Shopping can kill my energy because I desperately want to be professional and inspiring to other women, but sexy for my husband. My husband however, enjoys the pleasures of a life that doesn’t place the same pressures on his bodily assets, or worry insanely whether or not he has plump enough lips. He simply knows that I love him, and looks to do what makes himself happy.

But what stirs anger inside me, is the divide between men and women on the issue of cheating, pornography and masturbation. Friends of mine act encouragingly when their men want to hit the strip club. Our girlfriends sit around at brunch and agree that they would rather their man watch porn than give them morning sex. The societal pressure on women to please their partners by being agreeable to these double-standards around sex, is so great that we abandon our values and seek to please them more than ourselves. We think — If they’re happy, they won’t cheat.

At the end of the day, no one is OKAY with being cheated on. Whether cheated on by lying, fantasizing over others, inappropriate conversations on social media, or taking action with another person. Cheating is defined as a verb, to “act dishonestly or unfairly in order to gain an advantage, especially in a game or relationship”. So by very definition, cheating in a relationship does not simply require only the act of doing something dishonest, but also the desire to keep something away from the person you love. Hidden, dark, deep and covered in lies. The cheater is cheating their partner out of honesty, integrity and respect. No matter how it may have been performed. So if your standards around sex are not those of the norm (say, you are bothered by porn), than do you deserve to be cheated on?
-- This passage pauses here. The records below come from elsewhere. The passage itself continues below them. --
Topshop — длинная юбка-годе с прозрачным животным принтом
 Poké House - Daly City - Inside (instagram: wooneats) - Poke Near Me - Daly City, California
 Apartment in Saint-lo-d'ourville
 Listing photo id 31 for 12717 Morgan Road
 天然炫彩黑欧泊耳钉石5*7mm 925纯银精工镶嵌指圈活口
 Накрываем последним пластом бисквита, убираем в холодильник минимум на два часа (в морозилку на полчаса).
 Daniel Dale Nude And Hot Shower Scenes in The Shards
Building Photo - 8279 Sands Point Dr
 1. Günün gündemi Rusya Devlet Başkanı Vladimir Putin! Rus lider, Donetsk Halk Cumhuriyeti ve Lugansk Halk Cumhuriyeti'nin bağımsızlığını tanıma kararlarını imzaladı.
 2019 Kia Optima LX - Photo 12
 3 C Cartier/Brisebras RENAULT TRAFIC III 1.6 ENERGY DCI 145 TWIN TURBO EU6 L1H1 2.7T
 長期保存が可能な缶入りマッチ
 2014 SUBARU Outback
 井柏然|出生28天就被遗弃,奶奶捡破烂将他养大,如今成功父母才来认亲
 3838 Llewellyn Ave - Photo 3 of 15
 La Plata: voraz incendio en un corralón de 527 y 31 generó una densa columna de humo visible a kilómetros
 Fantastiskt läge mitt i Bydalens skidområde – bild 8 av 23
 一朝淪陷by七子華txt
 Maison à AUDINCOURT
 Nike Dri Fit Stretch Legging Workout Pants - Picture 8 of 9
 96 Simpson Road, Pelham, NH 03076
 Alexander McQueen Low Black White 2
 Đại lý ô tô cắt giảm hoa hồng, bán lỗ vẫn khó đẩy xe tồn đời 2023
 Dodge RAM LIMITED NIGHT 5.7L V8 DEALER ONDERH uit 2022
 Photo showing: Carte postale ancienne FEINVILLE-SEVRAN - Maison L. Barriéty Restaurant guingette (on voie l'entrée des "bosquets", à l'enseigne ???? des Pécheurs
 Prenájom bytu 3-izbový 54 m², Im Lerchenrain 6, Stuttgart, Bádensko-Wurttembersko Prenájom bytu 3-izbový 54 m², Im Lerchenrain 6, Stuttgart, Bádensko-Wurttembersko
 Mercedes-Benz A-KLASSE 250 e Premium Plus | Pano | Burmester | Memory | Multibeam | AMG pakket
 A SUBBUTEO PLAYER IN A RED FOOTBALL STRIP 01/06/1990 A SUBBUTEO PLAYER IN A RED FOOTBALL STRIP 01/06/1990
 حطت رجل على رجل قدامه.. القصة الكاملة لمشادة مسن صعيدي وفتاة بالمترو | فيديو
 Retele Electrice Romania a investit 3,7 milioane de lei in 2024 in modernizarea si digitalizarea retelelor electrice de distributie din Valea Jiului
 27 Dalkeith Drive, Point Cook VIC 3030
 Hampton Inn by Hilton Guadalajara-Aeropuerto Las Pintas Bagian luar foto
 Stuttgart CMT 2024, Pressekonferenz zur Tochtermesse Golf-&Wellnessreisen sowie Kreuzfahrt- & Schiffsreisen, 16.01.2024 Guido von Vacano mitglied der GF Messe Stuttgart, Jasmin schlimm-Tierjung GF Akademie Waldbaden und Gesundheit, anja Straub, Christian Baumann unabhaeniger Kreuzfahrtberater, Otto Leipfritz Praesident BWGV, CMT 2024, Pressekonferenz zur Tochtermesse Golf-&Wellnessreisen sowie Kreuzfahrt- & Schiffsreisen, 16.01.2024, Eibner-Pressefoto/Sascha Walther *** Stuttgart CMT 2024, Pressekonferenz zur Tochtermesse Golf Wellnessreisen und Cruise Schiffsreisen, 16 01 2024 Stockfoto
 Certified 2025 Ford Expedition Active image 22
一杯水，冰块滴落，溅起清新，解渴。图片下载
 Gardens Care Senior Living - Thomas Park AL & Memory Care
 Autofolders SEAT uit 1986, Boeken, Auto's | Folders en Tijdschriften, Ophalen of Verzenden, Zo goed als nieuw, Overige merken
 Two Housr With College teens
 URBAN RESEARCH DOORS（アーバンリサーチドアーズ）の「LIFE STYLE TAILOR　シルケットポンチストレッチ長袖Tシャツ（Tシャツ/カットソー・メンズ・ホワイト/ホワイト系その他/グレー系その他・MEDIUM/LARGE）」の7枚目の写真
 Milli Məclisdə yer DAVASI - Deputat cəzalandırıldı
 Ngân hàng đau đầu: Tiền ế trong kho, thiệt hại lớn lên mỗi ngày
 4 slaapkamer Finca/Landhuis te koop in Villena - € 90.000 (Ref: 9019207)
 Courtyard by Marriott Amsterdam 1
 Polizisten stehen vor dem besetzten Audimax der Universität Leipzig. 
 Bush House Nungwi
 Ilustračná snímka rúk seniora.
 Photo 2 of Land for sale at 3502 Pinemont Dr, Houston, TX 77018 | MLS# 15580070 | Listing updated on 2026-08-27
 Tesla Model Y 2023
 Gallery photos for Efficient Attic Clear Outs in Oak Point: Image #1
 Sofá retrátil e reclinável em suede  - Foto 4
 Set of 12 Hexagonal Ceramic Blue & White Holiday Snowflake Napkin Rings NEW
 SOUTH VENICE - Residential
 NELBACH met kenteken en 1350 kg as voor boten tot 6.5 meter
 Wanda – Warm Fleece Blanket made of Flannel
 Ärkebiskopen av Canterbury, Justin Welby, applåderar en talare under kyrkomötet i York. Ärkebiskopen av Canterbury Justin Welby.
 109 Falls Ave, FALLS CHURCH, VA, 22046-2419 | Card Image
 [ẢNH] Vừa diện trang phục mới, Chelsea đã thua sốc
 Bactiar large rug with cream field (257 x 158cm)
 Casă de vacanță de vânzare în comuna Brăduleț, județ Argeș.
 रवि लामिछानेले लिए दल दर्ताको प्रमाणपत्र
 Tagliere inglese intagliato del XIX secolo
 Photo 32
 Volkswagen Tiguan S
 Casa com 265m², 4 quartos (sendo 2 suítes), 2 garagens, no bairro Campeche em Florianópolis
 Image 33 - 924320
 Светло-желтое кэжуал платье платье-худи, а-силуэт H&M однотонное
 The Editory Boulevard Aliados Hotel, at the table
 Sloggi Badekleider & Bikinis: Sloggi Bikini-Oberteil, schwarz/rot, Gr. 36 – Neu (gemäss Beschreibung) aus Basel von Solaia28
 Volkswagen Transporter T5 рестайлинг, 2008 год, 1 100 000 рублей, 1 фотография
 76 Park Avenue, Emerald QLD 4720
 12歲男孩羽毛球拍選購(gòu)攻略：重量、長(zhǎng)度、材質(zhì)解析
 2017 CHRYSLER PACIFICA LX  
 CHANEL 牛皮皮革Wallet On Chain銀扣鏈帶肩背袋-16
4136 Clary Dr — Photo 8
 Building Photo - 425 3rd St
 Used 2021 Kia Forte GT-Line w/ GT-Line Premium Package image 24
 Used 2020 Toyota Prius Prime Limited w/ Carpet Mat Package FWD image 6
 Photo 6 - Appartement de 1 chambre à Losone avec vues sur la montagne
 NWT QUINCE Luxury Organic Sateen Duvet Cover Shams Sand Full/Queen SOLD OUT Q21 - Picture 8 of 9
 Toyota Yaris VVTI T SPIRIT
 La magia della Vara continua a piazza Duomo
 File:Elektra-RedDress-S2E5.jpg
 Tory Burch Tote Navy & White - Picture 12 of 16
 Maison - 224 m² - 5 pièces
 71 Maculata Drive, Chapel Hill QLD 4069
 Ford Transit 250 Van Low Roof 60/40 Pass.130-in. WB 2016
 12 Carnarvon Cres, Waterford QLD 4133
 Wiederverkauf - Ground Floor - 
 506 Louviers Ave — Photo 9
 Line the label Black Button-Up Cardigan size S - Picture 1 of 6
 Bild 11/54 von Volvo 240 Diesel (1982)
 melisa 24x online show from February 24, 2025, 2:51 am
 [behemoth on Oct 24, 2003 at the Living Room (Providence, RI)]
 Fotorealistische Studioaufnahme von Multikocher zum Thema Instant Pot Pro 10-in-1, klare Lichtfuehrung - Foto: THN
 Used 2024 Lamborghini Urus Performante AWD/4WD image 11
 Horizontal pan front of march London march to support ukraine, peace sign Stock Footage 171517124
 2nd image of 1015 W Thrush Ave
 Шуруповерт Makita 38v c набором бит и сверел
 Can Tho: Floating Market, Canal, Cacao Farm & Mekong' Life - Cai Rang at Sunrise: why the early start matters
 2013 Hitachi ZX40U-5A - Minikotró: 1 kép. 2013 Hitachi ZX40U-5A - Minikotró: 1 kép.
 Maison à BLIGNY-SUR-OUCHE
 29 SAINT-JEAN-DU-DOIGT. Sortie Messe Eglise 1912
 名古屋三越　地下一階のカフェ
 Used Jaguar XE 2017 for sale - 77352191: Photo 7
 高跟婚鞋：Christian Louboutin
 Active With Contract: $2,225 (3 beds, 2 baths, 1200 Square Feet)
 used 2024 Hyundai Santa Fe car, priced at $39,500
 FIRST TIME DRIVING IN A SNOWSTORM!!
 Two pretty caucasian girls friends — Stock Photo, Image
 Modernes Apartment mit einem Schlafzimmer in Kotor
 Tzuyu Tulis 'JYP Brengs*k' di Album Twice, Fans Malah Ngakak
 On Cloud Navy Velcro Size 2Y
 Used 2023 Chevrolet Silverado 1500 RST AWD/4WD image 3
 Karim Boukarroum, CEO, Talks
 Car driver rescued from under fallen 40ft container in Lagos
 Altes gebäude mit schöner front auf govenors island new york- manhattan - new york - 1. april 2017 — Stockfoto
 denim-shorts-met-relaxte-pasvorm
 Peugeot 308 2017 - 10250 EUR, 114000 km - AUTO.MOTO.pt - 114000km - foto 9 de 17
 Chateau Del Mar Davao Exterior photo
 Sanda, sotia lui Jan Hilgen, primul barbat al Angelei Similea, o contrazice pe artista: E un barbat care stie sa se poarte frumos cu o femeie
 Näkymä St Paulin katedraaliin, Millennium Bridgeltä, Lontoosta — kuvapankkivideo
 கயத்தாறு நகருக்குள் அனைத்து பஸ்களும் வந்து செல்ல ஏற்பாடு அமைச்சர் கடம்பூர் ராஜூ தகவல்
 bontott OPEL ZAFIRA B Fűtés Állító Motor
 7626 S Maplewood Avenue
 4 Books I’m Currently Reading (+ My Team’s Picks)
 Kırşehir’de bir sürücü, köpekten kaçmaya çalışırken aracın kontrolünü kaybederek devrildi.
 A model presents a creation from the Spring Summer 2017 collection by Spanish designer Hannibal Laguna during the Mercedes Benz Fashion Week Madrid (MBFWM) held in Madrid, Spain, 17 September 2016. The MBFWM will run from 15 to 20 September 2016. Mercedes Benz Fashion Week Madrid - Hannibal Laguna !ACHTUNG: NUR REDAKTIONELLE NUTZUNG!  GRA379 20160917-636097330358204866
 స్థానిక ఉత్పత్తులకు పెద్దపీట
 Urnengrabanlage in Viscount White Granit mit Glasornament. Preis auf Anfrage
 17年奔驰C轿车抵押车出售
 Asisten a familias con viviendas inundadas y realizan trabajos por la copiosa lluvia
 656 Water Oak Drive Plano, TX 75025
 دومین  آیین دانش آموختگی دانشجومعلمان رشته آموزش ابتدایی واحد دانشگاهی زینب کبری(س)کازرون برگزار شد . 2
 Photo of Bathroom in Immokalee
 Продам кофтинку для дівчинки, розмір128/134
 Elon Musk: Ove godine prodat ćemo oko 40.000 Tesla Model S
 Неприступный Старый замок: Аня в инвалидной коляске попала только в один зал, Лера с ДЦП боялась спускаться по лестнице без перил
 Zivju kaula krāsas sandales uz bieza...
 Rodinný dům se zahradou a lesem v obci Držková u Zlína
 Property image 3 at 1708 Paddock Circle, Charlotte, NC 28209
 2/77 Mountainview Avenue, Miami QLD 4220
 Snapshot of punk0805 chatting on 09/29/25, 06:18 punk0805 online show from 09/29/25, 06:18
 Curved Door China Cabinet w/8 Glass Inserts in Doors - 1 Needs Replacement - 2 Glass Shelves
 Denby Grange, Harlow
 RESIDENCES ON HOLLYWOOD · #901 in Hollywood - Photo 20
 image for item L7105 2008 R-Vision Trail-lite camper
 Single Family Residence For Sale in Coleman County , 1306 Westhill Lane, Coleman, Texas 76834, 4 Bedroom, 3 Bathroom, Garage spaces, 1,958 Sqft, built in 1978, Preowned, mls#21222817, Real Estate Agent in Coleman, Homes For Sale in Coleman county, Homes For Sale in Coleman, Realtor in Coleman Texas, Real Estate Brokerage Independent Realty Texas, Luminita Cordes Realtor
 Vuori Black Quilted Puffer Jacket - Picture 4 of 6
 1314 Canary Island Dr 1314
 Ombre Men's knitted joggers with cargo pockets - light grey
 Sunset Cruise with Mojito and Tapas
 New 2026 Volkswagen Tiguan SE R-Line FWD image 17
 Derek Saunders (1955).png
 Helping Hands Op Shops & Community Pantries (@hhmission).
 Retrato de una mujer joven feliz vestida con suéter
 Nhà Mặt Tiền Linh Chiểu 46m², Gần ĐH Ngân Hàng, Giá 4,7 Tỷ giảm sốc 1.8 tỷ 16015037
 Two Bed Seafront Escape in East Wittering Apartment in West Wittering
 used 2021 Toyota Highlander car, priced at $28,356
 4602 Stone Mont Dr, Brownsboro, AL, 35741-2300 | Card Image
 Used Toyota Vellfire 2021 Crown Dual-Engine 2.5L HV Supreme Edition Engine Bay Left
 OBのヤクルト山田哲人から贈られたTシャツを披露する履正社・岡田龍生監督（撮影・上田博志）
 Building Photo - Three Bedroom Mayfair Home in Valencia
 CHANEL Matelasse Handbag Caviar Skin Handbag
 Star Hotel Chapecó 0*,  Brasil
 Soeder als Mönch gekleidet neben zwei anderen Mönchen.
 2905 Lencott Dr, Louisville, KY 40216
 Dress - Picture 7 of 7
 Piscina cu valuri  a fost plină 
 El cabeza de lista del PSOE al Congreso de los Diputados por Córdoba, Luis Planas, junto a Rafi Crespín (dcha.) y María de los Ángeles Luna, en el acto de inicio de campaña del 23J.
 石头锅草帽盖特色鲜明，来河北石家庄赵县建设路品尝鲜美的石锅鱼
A walk down the “Family Planning” isle at Walgreens reveals two sides; one for men where products such as condoms, creams and enhancements scream pleasureful, long lasting, hot and sexy. While the second side for women boasts products for protection, cleanliness, prevention, testing. This isle for planning a family’s future, shows how mindless that planning part is for a man. They shall only seek pleasure, no matter the outcome (kids? hurt wives? STD’s?), while women prepare and do things safely, with precaution. Again, we are forced to be complacent with these norms, ask no questions and go-along with their desires, no matter the “unplanned” outcome.

Our desires are placed second to a man’s needs.

We have been programmed to care more about a man’s needs, than be honest about our own. Women have for years closeted their desires for real orgasms, and did whatever they could to support their partner in sex. Even allowing and encouraging pornography, masturbation, the types of things that don’t give women the same level of pleasure but seemingly keep their men pleased. The initial response to sexual images for a young woman is not attraction, but instead immediately comparing ourselves.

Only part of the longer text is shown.